CERT Catch and Release Is Not the Way to Go

Community Emergency Response Teams (CERT) need care and feeding.

by Eric Holdeman / January 15, 2019

The Community Emergency Response Teams (CERT) is a wonderful concept for providing training on basic emergency responder skills to average citizens. Some jurisdictions and emergency managers may have the wrong concept when it comes to conducting CERT training and maintaining an active CERT program.

It is not enough to recruit individuals into signing up and receiving training. The real power of those trained individuals is when they continue to hone their individual skills and combine them with the skills of others in a team environment. 

The biggest gripe that CERT trained staff have is not having follow-on activities that keep them engaged. People not engaged will have the skills that they learned atrophy and the energy and enthusiasm that they once had also fade away. 

To keep CERT people engaged requires commitment on the part of emergency managers and their program staff. It has to be one of the priorities. CERT leadership could be a volunteer position. You just need to provide the care and feeding of the program to give them meaningful tasks — like in supporting community events. 

One last comment that was just shared with me on the above topic. If you have an active CERT program, be willing for trained CERT individuals from other jurisdictions to join you and your teams if they don't have any other recourse available to them. Doing so is not poaching from others, they, after all, have just had a "catch and release" approach to CERT volunteers. 

Now three days after posting the above, I got the following comment below on my LinkedIn feed. It summarizes many of the other comments that have been sent my way. Certainly it is a call to re-look how you run your CERT program. I don't recommend a barbless hook approach!

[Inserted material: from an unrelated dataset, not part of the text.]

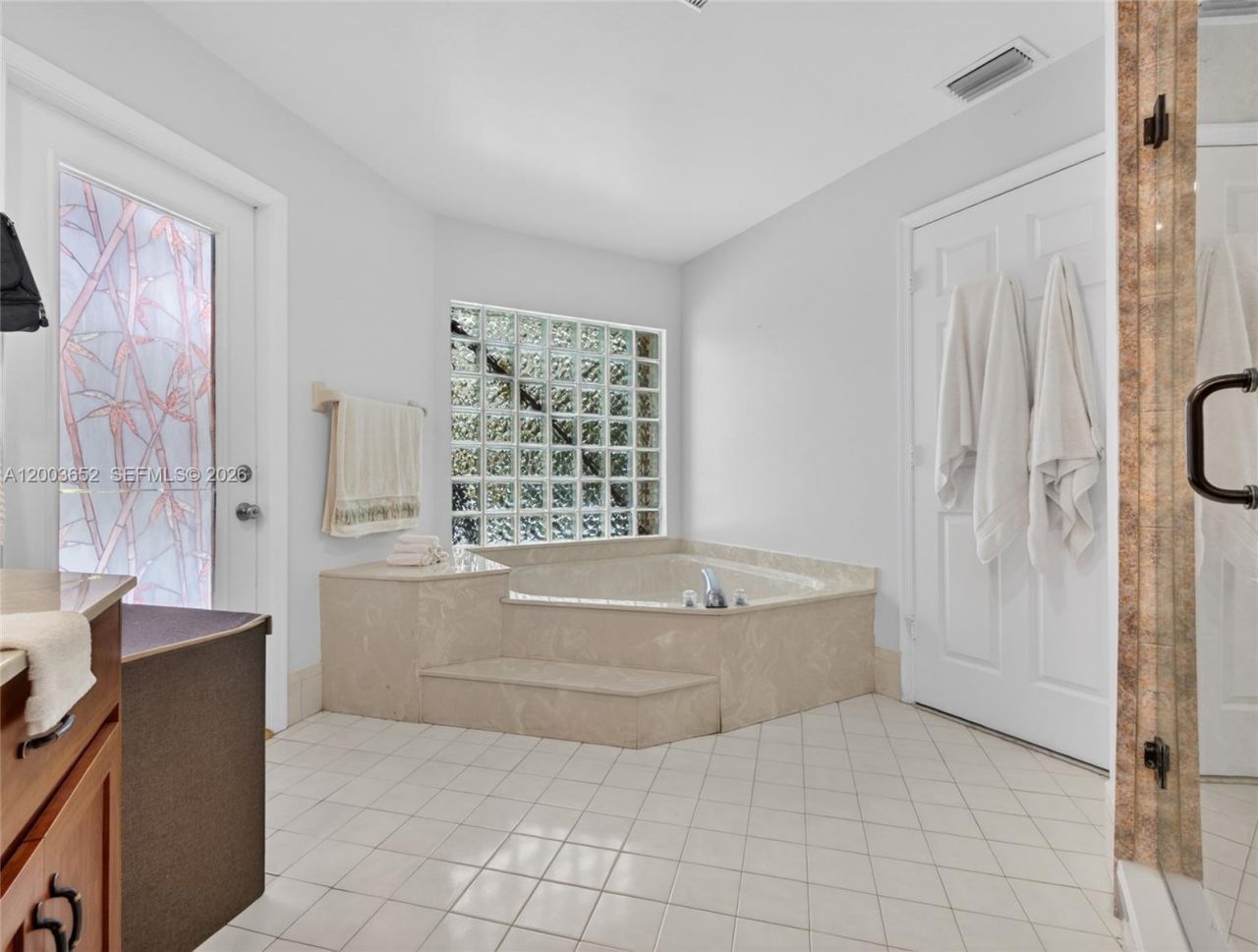 1025 Creekford Dr , Weston, FL 33326 Photo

Sherilyn Burris, MPA FPEM CEM
Resilience and Disaster Risk Reduction Consultant

I worked for an organization that had a list of almost 800 people who received the CERT training but no plan to ever use them -- not even any way to contact them. Short-sighted emergency management programs believe a paper certificate is a magic bullet but in real life, these programs require ongoing and dedicated work. Your article is spot on! The program is all "lights and sirens" (or bandaids and household fire extinguishers). It is "a good start" but needs expanded in order to be functional, effective, and useful. I'd love to see CERT grow into tangible disaster recovery and resilience.